One of the hallmarks of tumor growth is overexpression of growth factors and their receptors. IGF-1 is a well-known growth factor that has a role in cell signaling and progression [,]. To date, studies on gastric cancer and IGF-1 have yielded inconsistent results. Serum IGF-1 levels were considerably lower in patients than in controls in a study that included 20 patients with gastric cancer and 20 healthy controls. This finding supports the idea that IGF-1 dysregulation plays a role in the pathophysiology of gastric cancer []. In another study of 26 patients with gastric adenocarcinoma (M/F = 15/11, mean age 65 years), serum IGF-1 levels were measured. All gastric cancer patients had higher IGF-1 serum levels compared with healthy participants. There was a significant decrease in IGF-1 levels after surgery (day 14), and this decrease was still present late in the postoperative period (day 50) []. In our study, IGF-1 levels were significantly lower in gastric cancer patients compared to the healthy control group. Similarly, in a meta-analysis conducted in 2021, IGF-1 levels were lower in gastric cancer patients than in healthy individuals []. The decrease in IGF-1 in serum is the combined result of two distinct mechanisms. In tumor tissue, the IGF-1/IGF-1R interaction may be increased, activating intracellular PI3K/AKT and MAPK signaling pathways, increasing proliferation, and causing local depletion of IGF-1. At the same time, elevated IGFBPs in the circulation (serum) bind IGF-1, thereby reducing its biologically active fraction. In other words, the decrease in serum levels is due to both excess utilization in the tissue and binding in the circulation; both mechanisms lead to the same result (decreased serum levels) but operate in different ways. These mechanisms may explain why IGF-1 expression appears elevated in gastric cancer tissues [,] while it is decreased in serum. These findings also support the clinical utility of IGF-1 as a potential biomarker, as reflected by its significant AUC value (0.824) in the ROC analysis.

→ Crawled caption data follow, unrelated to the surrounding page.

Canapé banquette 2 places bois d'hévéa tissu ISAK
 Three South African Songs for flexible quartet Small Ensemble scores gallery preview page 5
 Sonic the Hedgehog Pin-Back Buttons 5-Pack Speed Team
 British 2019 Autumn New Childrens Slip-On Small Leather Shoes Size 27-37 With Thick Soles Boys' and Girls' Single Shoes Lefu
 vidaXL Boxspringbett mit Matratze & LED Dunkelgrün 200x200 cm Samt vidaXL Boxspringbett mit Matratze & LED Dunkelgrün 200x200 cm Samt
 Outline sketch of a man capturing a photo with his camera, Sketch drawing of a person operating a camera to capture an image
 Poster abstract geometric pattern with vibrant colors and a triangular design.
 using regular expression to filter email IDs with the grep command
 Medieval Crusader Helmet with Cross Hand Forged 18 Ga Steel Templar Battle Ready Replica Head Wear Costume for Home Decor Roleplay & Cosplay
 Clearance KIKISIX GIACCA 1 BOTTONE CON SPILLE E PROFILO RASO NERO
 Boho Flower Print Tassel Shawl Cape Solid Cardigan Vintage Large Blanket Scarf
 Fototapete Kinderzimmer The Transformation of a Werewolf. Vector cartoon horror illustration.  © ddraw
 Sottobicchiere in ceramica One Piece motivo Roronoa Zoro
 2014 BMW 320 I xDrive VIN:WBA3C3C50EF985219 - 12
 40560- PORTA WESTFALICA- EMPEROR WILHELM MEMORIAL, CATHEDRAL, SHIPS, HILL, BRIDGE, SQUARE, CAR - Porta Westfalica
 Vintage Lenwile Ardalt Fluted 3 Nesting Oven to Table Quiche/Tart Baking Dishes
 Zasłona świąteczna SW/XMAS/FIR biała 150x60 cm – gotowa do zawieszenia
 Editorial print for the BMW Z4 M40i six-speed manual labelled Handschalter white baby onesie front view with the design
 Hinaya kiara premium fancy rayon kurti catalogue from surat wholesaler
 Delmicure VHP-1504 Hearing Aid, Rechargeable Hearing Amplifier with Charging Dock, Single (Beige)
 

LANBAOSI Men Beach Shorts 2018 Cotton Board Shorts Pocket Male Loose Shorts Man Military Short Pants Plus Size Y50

IGFs bind to their IGFBPs in order to initiate signaling []. Among these, IGFBP-4 can bind to IGFs with high affinity and inhibit their function []. IGFBP-4 serum levels were found to be higher in breast cancer [], epithelial ovarian cancer [], and lung cancer []. However, there is no clinical study on serum IGFBP-4 levels in patients with gastric cancer. Yi et al. investigated IGFBPs in 11 gastric cancer cell lines. Overexpression of IGFBP-4 was observed in all cell lines []. Similarly, a bioinformatic study demonstrated increased IGFBP-4 levels in gastric cancer tissues []. In a study conducted with 375 cancer samples, it was also found that IGFBP-4 levels were higher in gastric cancer tissues and MKN28, MKN45, HGC27, BGC823, MGC803 and AGS gastric cell lines []. In line with previous findings, in our study, IGFBP-4 levels were also increased in gastric cancer serum samples. The results of our study suggest that IGFBP-4 may have a potential role in gastric cancer diagnosis. As previously mentioned, IGF-1 is a potent mitogenic factor that supports cell proliferation, differentiation, and metastatic processes. Therefore, low serum levels may seem contradictory at first glance. However, this situation is thought to be due to increased consumption in tumor tissue [], binding via IGFBPs and decreasing bioavailability, or systemic metabolic reprogramming. The high IGFBP-4 levels in our study, in particular, suggest that IGF-1 may be present in a more bound form in the circulation, leading to a decrease in its active unbound fraction. This finding indicates that the increase in IGFBP-4 may contribute to reduced IGF-1 bioavailability in serum. Although the ELISA kit used measures total IGF-1, increased circulating IGFBP-4 levels may lead to increased IGF-1 binding and a decrease in its biologically active portion. Moreover, ROC analysis has shown that IGFBP-4 could serve as a moderate biomarker of gastric cancer diagnosis with an AUC of 0.725. Nevertheless, although our findings suggest a possible role for IGFBP-4 in the pathophysiology of gastric cancer, the lack of separate measurement of intact IGFBP-4 levels limits the ability to directly assess the relationship between PAPP-A-mediated proteolysis and IGF bioavailability.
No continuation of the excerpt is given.